Your goal:
Every line below is to be copied exactly, with the pictures left out.

Source data:
+ + + + + + +

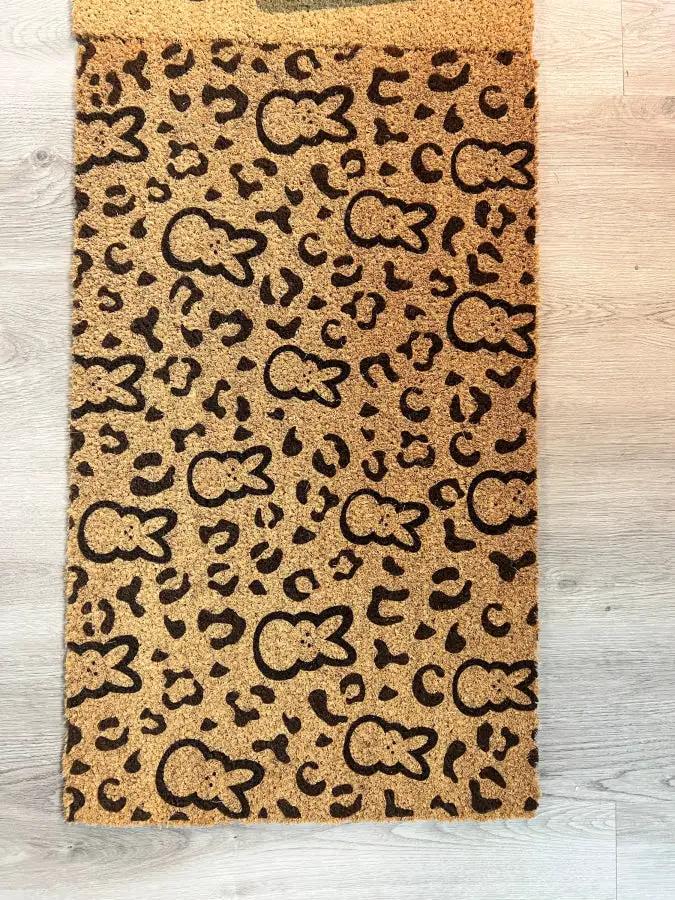 Bunny Doormat DecoExchange printed with black bunny silhouettes on tan background 18x30 on Tampa Home & Garden Store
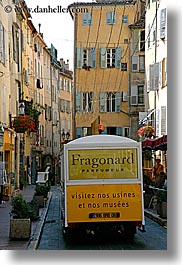 buildings, europe, france, grasse, provence, structures, tourists, trains, vertical, yellow, photograph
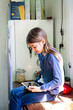 © Westend61 - Girl sitting on worktop in the kitchen looking at digital tablet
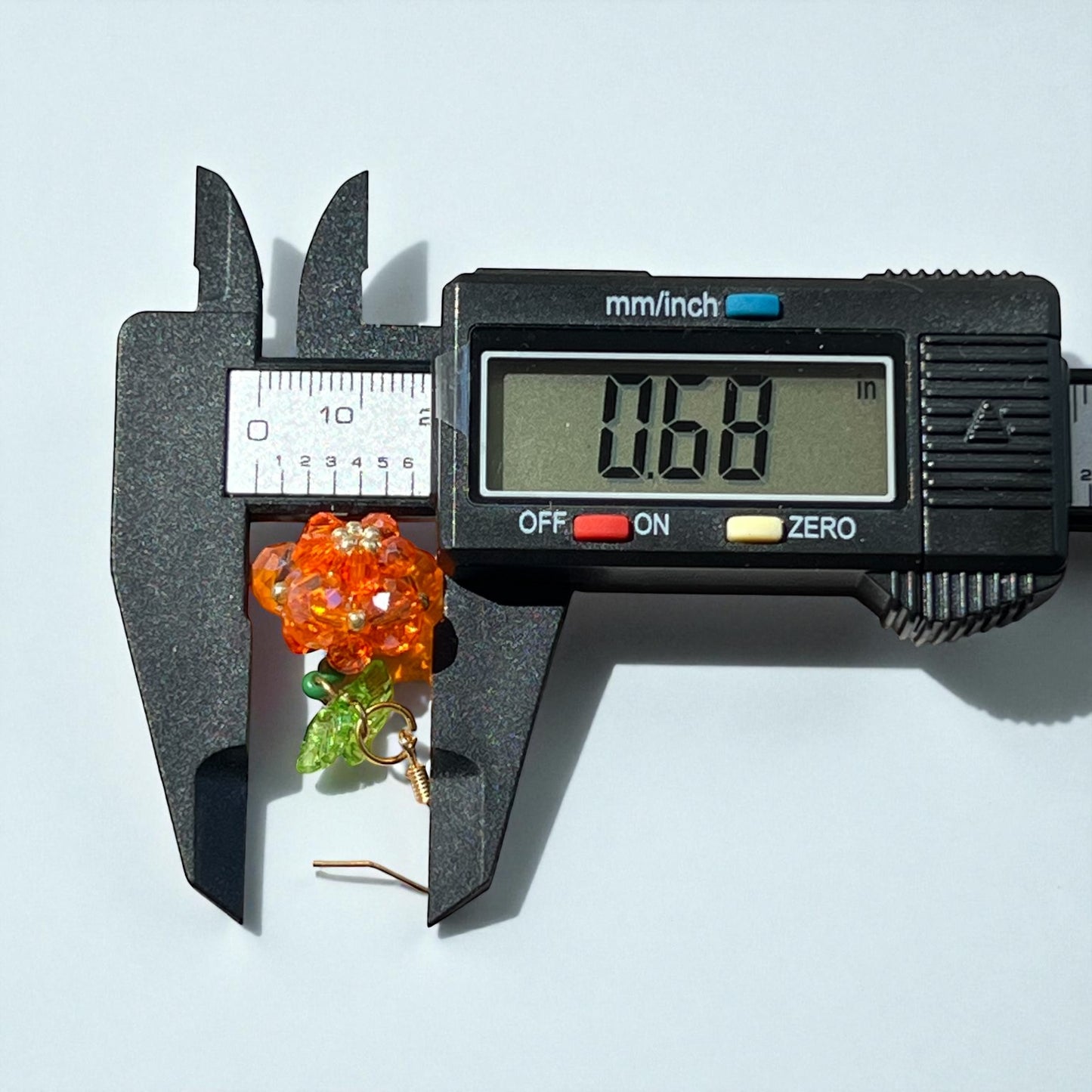 Beaded Pumpkin Earrings – Sparkly Fall Dangles with Green Leaves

+ + + + + + +

Solved exercise:
 Bunny Doormat DecoExchange printed with black bunny silhouettes on tan background 18x30 on Tampa Home & Garden Store
 buildings, europe, france, grasse, provence, structures, tourists, trains, vertical, yellow, photograph
 © Westend61 - Girl sitting on worktop in the kitchen looking at digital tablet
 Beaded Pumpkin Earrings – Sparkly Fall Dangles with Green Leaves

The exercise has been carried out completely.